We provided training for big-box retailers to understand attrition. To a large bank with data to mimic response rates they should expect. Showing people how to use linear programming to improve the decision process and make campaigns overall more efficient. This led to the SAS Marketing Optimization offering, which is very nicely implemented.
Anne: Care to comment on the new course which debuted at the A2010 Analytics Conference and the M2010 Data Mining Conference on the hot topic of net lift modeling?

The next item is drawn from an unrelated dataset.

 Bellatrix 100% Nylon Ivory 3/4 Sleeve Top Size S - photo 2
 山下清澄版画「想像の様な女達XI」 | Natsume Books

Bob: Net lift is the ideal of what you want to do: you want to identify the customers who are more susceptible to promotion, but the data you would need to address directly is to know how a single person would respond if you promoted to him or her and if you didn’t. But that data is impossible to obtain. Mimic—matched pairs in observational studies—try to match people in a stratified way to block the prospect population to treat and not treat to get the data you need. Net weight of evidence calculation in a macro is covered in the course. The course contains a good approach to tackle this problem: to separate out the people who would’ve bought anyway from those who would be receptive to promotions and who would have been unlikely to have bought without the promotion.
Anne: Thanks, Bob, for taking the time to share your thoughts and to share some of the great work taking place in SAS’ Education Division. It’s also really nice to see the Business Knowledge Series continue to grow with such excellent domain experts participating.